Personal information
- Born: 8 June 1941 (age 85) Bestwinka, Province of Upper Silesia, Germany
- Height: 1.53 m (5 ft 0 in)
- Weight: 52 kg (115 lb)

Sport
- Sport: Weightlifting
- Club: AZS Warszawa Legia Warszawa

Medal record
Representing Poland
Olympic Games
| Gold medal – first place | 1972 Munich | -52 kg |
World Weightlifting Championships
| Gold medal – first place | 1971 Lima | -52 kg |
| Gold medal – first place | 1972 Munich | -52 kg |
| Gold medal – first place | 1975 Moscow | -52 kg |
| Bronze medal – third place | 1973 Havana | -52 kg |

= Zygmunt Smalcerz =

Polish weightlifter (born 1941)

Zygmunt Antoni Smalcerz (born 8 June 1941) is a retired Polish weightlifter who won the gold medal in the flyweight class at the 1972 Olympics. He also competed at the 1976 Games but had to withdraw due to injury.

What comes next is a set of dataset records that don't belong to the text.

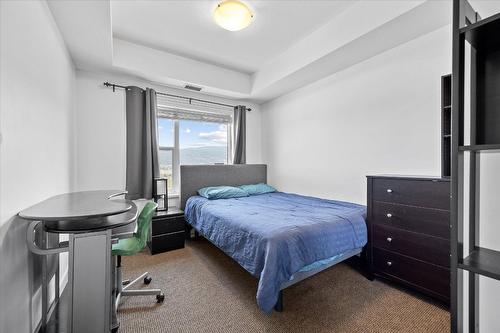 301-975 Academy Way, Kelowna, BC - Indoor Photo Showing Bedroom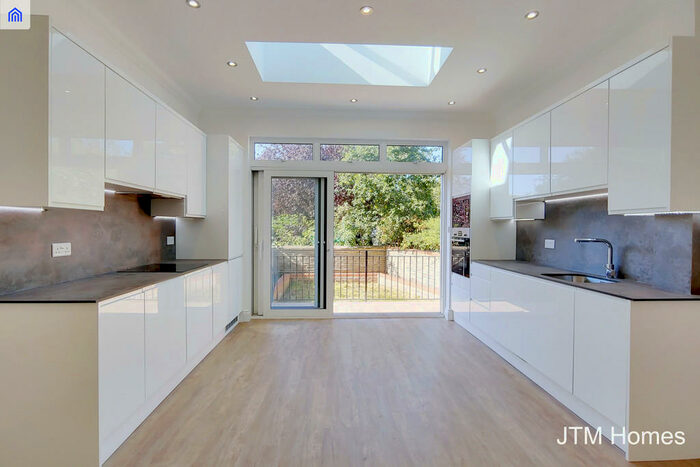 3 Bedroom Apartment To Rent In Hornsey Rise Gardens, London, N19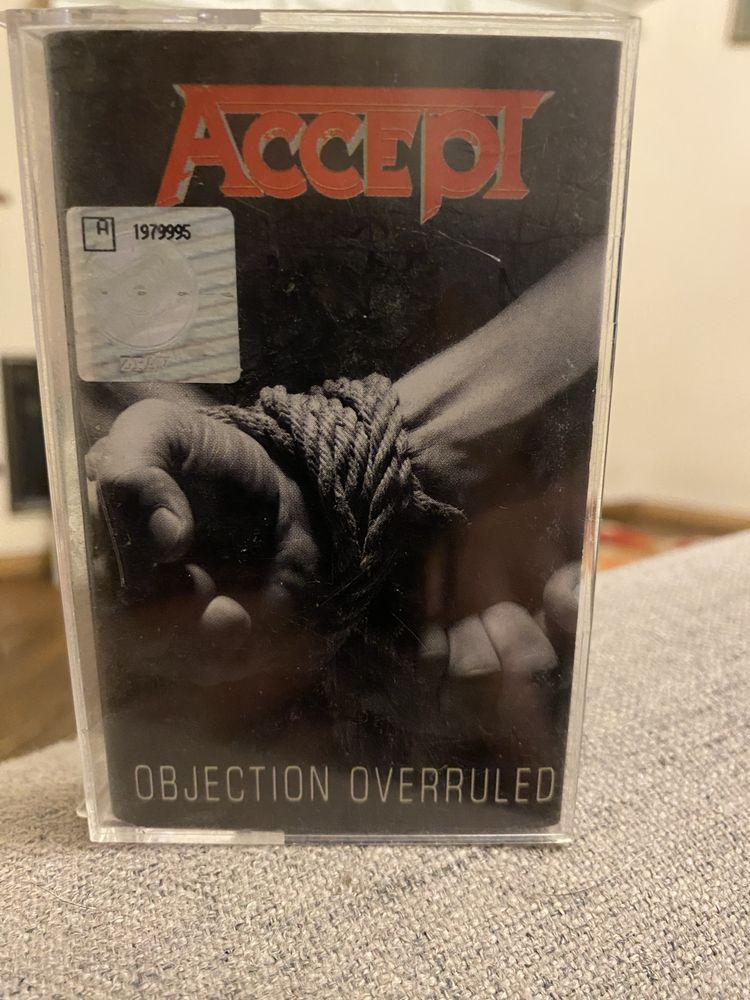 Sprzedam kasetę oryginalną „Accept”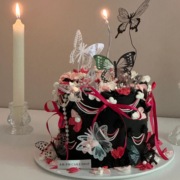网红芭蕾风蝴蝶结丝带蛋糕，装饰白色黑色镂空蝴蝶生日蛋糕装扮插件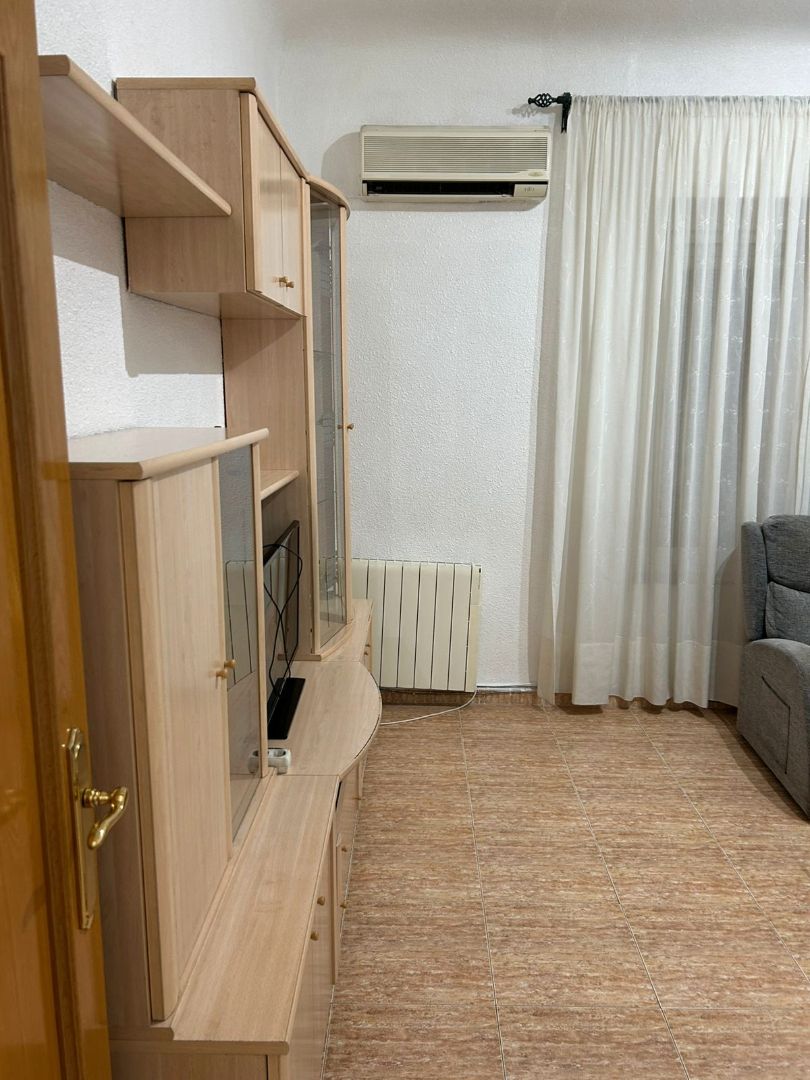 Habitación de Piso en venta en Elda con Aire acondicionado, Terraza y Amueblado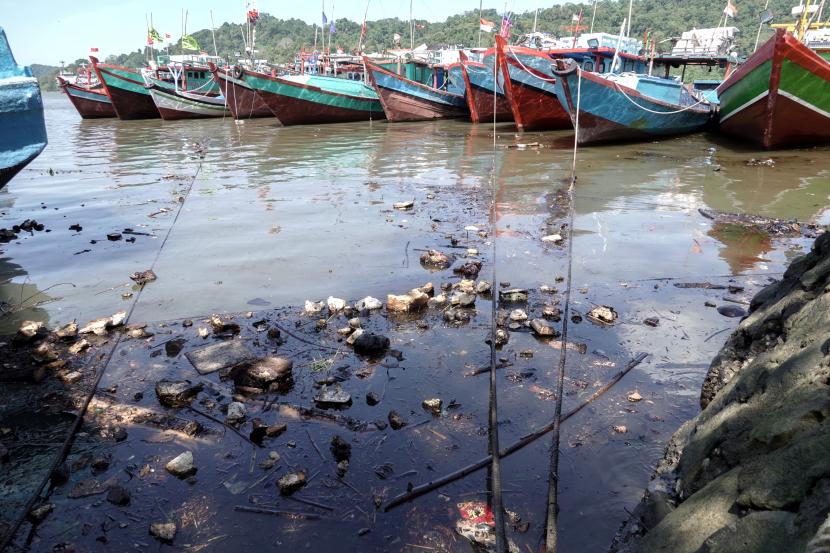 Tumpahan minyak mentah masih terlihat menggenangi perairan di sekitar Dermaga PT Pelindo, Jateng, Selasa (28/6/2022). PT Kilang Pertamina Internasional Unit Cilacap bersama nelayan dan warga masih melakukan pembersihan tumpahan minyak mentah yang diketahui pertama kali pada Senin (27/6/2022) sore.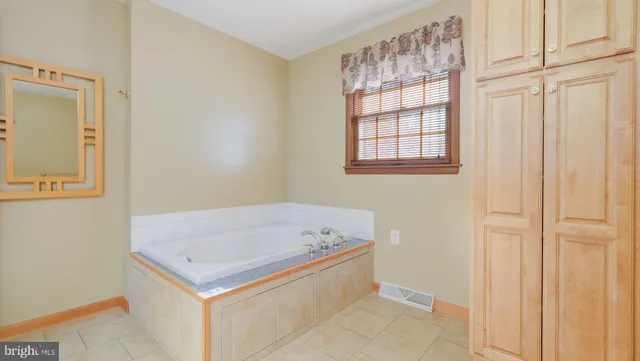 $405,500 | 6129 Beverly Hills Road, Coopersburg, PA 18036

In 2002 he was elected member of the International Weightlifting Federation Hall of Fame.

He was the head coach of the Polish weightlifting team for the run-up and including the 2008 Beijing Olympics.

From 2010 through 2017, he was the resident weightlifting coach at the United States Olympic Training Center in Colorado Springs.

As of 2020, he works as the head coach of the Norwegian Weightlifting Federation.